This is the tale of how a young gamer finally decided to purchase a 20-year-old Nintendo 64 and is having ten times more fun on it than the PlayStation 4.
The 90s was such an exciting time in the world of entertainment. The WWF and WCW were going head to head on a weekly basis, attempting to put one another out of the wrestling business in the iconic Monday Night Wars. Men with strange haircuts, long coats and a love of naughty nose sherbet were claiming their support for either Oasis or Blur. Then, there was the console war.
Nintendo was one of the first companies to bring the gaming world from its sombre slump following the infamous visual bowel movement that was the ET game for the Atari. Everything changed with the release of the Nintendo Entertainment System (NES). Super Mario, Zelda, Mike Tyson’s Punch Out, Contra – I could go on.
However, while Mario was rescuing Princess Peach during a heavy mushroom addiction, I was over on camp SEGA, speeding through jungles and casinos as Sonic the Hedgehog with that annoyingly slow two-tailed fox, Tails on my friend’s Mega Drive. (Side note – Just writing about Tails now is making me think about the bonus stages on Sonic 2 where you have to collect rings while walking through a half-pipe course. Why does he jump a second after I do, thus getting hit by bombs and losing rings, therefore stripping me of my chance to get that sweet chaos emerald? I hate him so much.)
Nintendid Nothing For Me
For a long time as a kid, Nintendo was just the Game Boy and struggling to see the screen when in a car at night. I was purely SEGA and Sony. I didn’t know anyone who owned a Nintendo console so, whenever I wasn’t re-enacting the WWF steroid trial with my wrestling toys, I played on whatever console was around. I always preferred more realistic action type games and Nintendo was more family friendly, so other than the Game Boy, Nintendid nothing for me.
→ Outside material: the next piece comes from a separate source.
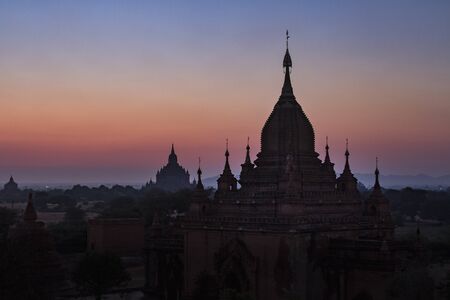 Silhouettes of old temples before sunrise in Bagan, Myanmarの写真素材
As the mid to latter end of the 90s appeared, Nintendo raced ahead in the console war, having released the Nintendo 64 (N64). Starfox 64, Super Mario 64, WWF No Mercy and *Lovable sigh* Goldeneye 007 were once again just a few of the stellar titles. It’s the latter that really makes my heart all gooey and beat like normal humans. I remember seeing this game for the first time while on a trip to Canada for a wedding (not mine as I was eight at the time) in a family friend’s son’s basement bedroom. James Bond is one of the greatest action movie characters of all time, along with John McClane and the ball chinian in Men In Black 2. Goldeneye 007 looked like an amazing game, but I never pursued it and went on with my Sony-centric purchases.
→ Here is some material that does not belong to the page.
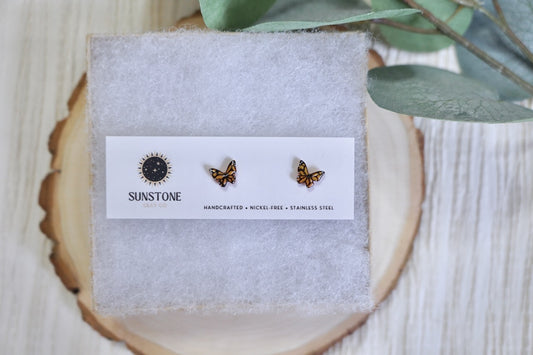 Butterfly earrings on a branded card with a natural background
Appreciating 90s gaming in the modern era
Now, skipping 20 years to 2018, after purchasing every PlayStation and Xbox Console, I now find myself living in a world where nostalgia is king and the appreciation of the 80s and 90s gaming scene has had a mainstream resurgence over the last couple of years. This is most notable in the NES and Super NES with their miniature versions packed with countless classic games all built into their tiny units (size doesn’t matter). This is where my sudden interest has arisen. Gaming right now is somewhat in a strange place. We’re getting movie style quality acting and insanely realistic graphics, but somehow it lacks that wow factor that makes us think so fondly of “the good old days”.
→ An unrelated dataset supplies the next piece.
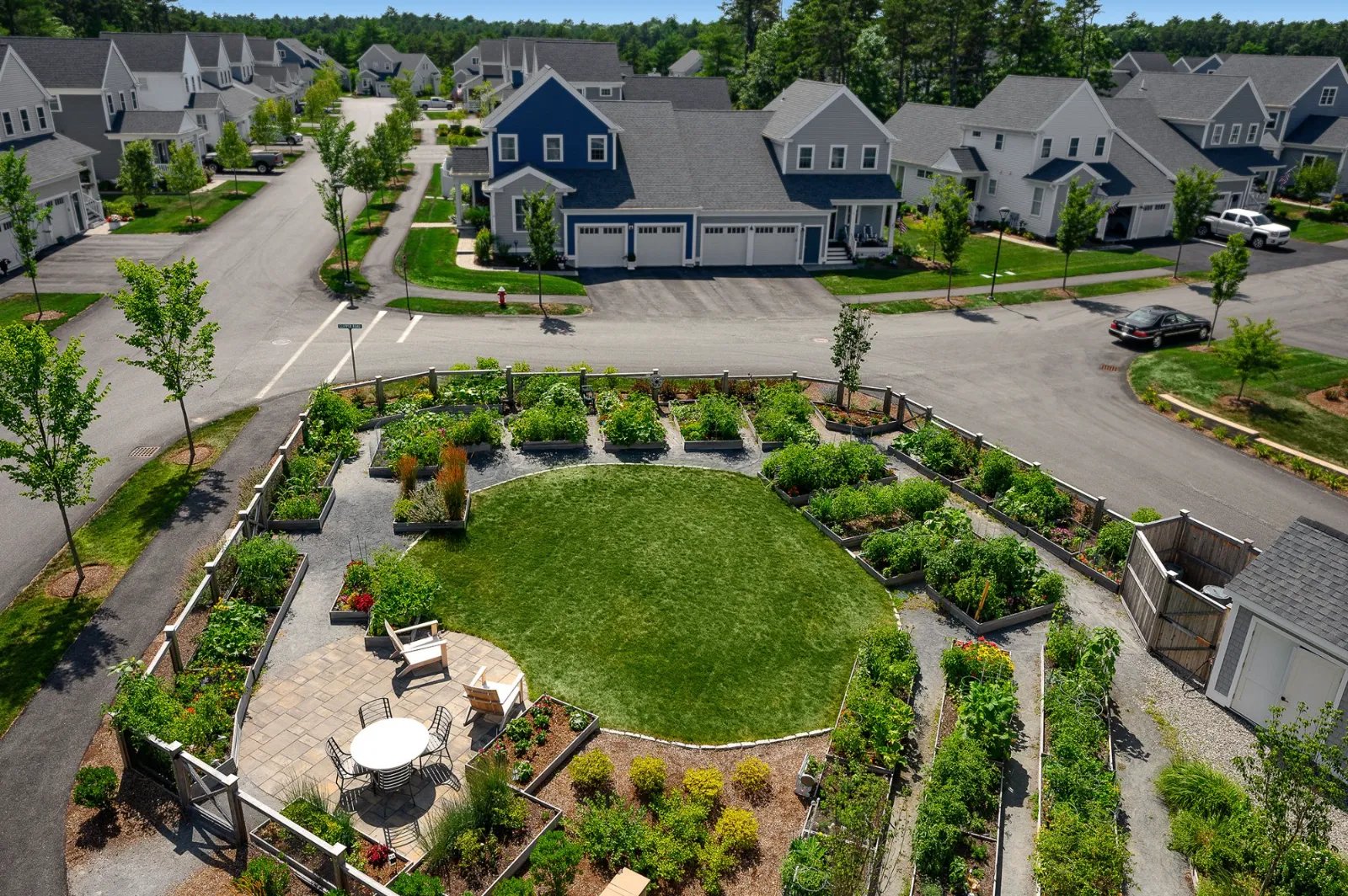 Aerial of community Victory Gardens surrounded by homes at Sawyer's Reach Plymouth MA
For a long time, I wanted to own a Nintendo 64. Just so I could play WWF No Mercy and of course, my ultimate goal, Goldeneye. I tried playing these games through various other methods but it never felt right. I knew I needed to play it as it should be. With a cartridge and wired controllers (Google it, kids).
Then, on one relatively plausible Saturday afternoon, I finally did it. I purchased myself a Nintendo 64! It felt strange at first, considering many have moved on and are appreciating the current generation of consoles, but for me, I just wanted to be challenged in games again and own a piece of history.
Gaming back in the 90s just had something about it that stands the test of time. Sure there were games that had character models which looked like an acid trip at LEGOLAND and had the movements of stoned potatoes, but there are a plethora of classics that people still want to play in 2018. I currently own Goldeneye, Super Mario 64, Perfect Dark, with 007 World Is Not Enough and WWF No Mercy on their way to me. All fondly remembered and will never leave our minds.
So, how does it feel to own a Nintendo 64 in 2018? Well, I feel as if I’m buying it when it first got released and am excited about all the games I can purchase down the line. Resident Evil 2 being the biggy, however, people are charging £80 and over for a copy. Leon’s hair isn’t that good!
Who knows if this will lead to future purchases of other classic consoles, but right now I’m just enjoying the fact I accomplished my goal and purchased one of the greatest consoles in gaming history.